La CEDEAO avait notamment adopté une posture ferme, après le coup d’État au Niger en juillet 2023, en menaçant d’une intervention militaire et en imposant de lourdes sanctions économiques à Niamey. Si ces sanctions ont depuis été levées, elles ont laissé des séquelles profondes et alimenté le sentiment, au sein des régimes militaires sahéliens, d’une instrumentalisation de l’organisation par des puissances étrangères, en particulier la France.

Une décision irréversible pour l’AES

Deux jours avant le sommet d’Abuja, les régimes militaires du Mali, du Burkina Faso et du Niger avaient déjà annoncé que leur retrait de la CEDEAO était “irréversible”. Cette déclaration est le prolongement d’une dynamique amorcée en janvier 2024, lorsqu’ils avaient formalisé leur départ par un communiqué conjoint.

Pour les dirigeants sahéliens, la CEDEAO a échoué à répondre aux besoins pressants de leurs populations, particulièrement en matière de sécurité. Depuis une décennie, les trois pays sont confrontés à des insurrections djihadistes qui ont fait des dizaines de milliers de morts et déplacé des millions de personnes. Cette incapacité à stabiliser la région a nourri un sentiment de défiance envers l’organisation régionale.

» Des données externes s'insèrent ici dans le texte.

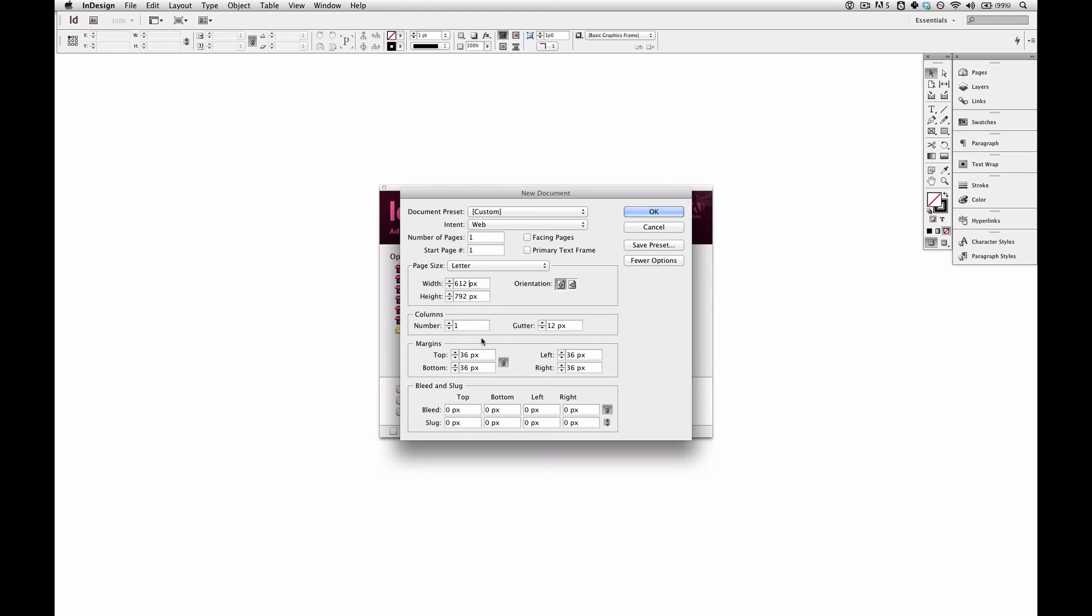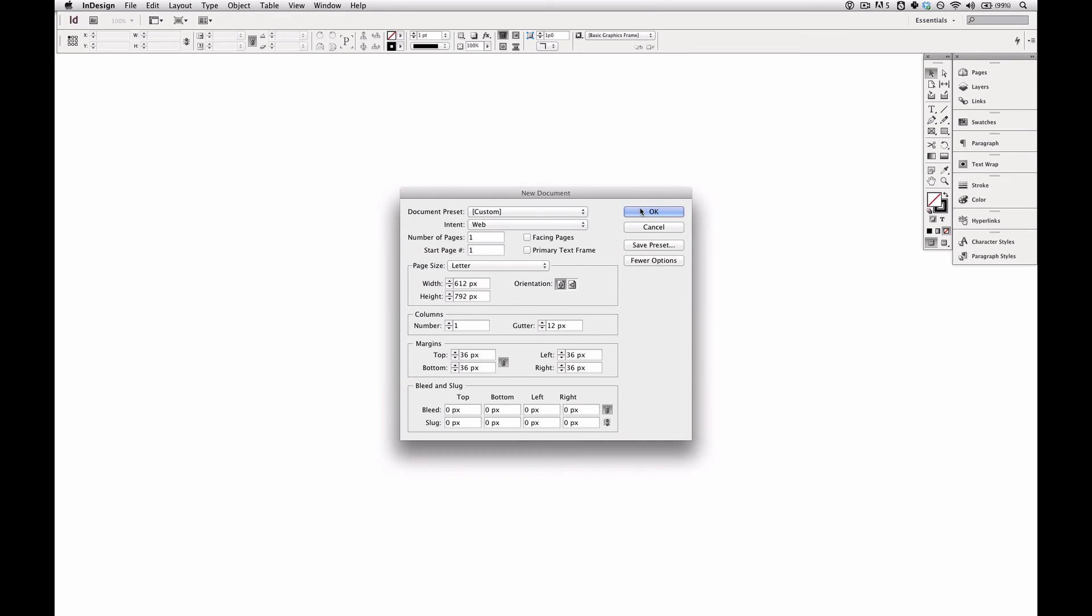Now you could stick with the defaults. These margins aren't actually the default sizes. InDesign remembers what I used last time. I'm using 36 pixels all around, which of course is half of 72, which means these are half inch margins all around.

Par ailleurs, les pays de l’AES reprochent à la CEDEAO une trop grande proximité avec des partenaires étrangers comme la France, qu’ils accusent d’influence néocoloniale. Dans cette logique, ils ont choisi de se tourner vers des partenaires jugés plus “sincères” tels que la Russie, renforçant ainsi leur coopération militaire, économique et stratégique avec Moscou.

Les enjeux sécuritaires et économiques : des réalités divergentes

La fracture entre l’AES et la CEDEAO est accentuée par des visions divergentes en matière de sécurité et d’économie régionale. Pour la CEDEAO, la stabilité politique des États membres constitue un préalable indispensable pour faire face aux menaces sécuritaires. Toutefois, les régimes militaires sahéliens estiment que la lutte contre le terrorisme nécessite une approche pragmatique, parfois éloignée des principes démocratiques imposés par l’organisation.

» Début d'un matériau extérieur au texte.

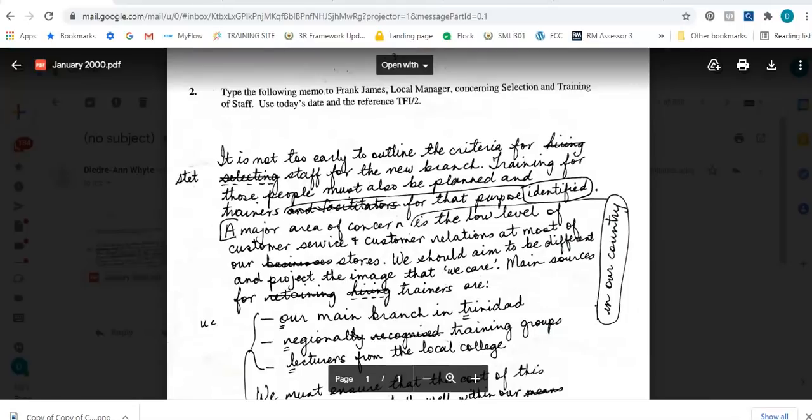Hello everyone and welcome back to my channel. Today I'm going to be looking at the January 2000 paper tool question on memorandum. I'm also going to be doing an additional feature to this video by changing this memorandum into the indented style once it is typed, because I have been trying to find past papers that deal with both blocked and indented style memorandum.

Dans ce contexte, les pays de l’AES cherchent à renforcer leur intégration régionale à travers des mesures concrètes. Ils ont récemment signé un protocole d’accord visant à supprimer les frais d’itinérance téléphonique (roaming) entre leurs pays, une mesure qui facilitera les communications et la circulation des citoyens. Par ailleurs, ils ambitionnent d’harmoniser leurs documents de voyage et leurs politiques d’immigration, dans le but de garantir une libre circulation des biens et des personnes.

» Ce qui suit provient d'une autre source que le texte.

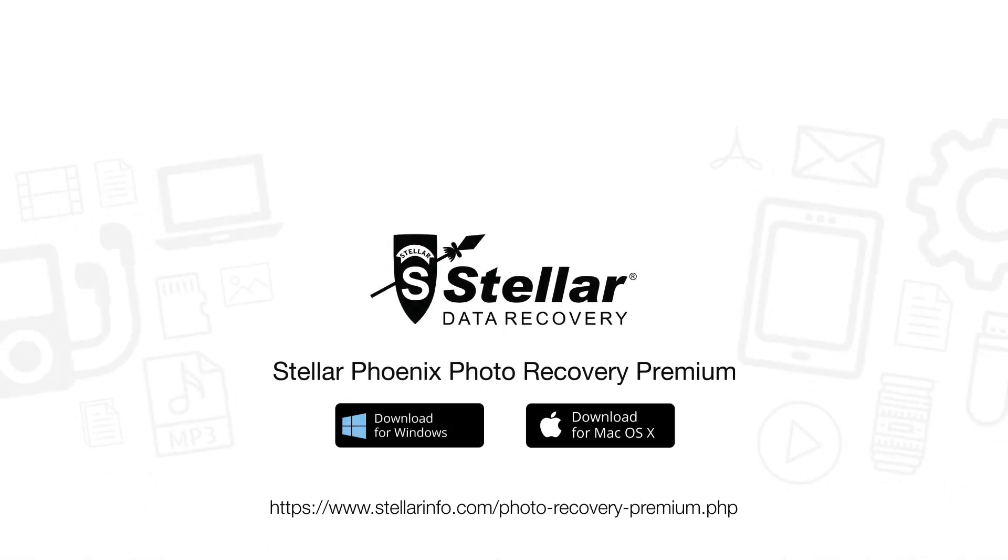So go ahead and download this unique and amazing software to recover deleted photos, videos, and fix your corrupt JPEG and video files too.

La question monétaire : vers une autonomie financière ?

Un autre sujet majeur reste en suspens : l’avenir monétaire des pays de l’AES. Membres de l’Union économique et monétaire ouestafricaine (UEMOA), ils utilisent toujours le franc CFA, une monnaie largement critiquée pour son arrimage à l’euro et sa gestion par le Trésor français. Les dirigeants sahéliens ont plusieurs fois évoqué la possibilité de quitter la zone CFA afin de créer une monnaie indépendante qui répondrait mieux aux besoins de leurs économies. Cette question, hautement symbolique, illustre leur volonté de s’affranchir des influences extérieures et de bâtir une souveraineté économique. Toutefois, une sortie du franc CFA reste complexe, car elle nécessiterait des réformes structurelles et une coopération monétaire solide.

La prolongation des efforts de médiation jusqu’en juillet 2025 offre une dernière chance de réconciliation. Toutefois, le succès de ces initiatives dépendra de la capacité des dirigeants régionaux à surmonter les divergences idéologiques et à proposer des solutions concrètes aux défis sécuritaires, économiques et sociaux auxquels fait face la région.

Au moment où les États de l’AES poursuivent leur chemin vers une intégration renforcée et une autonomie accrue, la CEDEAO se trouve face à un choix historique : préserver son unité en s’adaptant aux nouvelles réalités géopolitiques ou risquer une fragmentation qui affaiblirait l’ensemble de la région. Quoi qu’il advienne, l’avenir de la coopération ouest-africaine est en jeu et les prochains mois s’annoncent décisifs.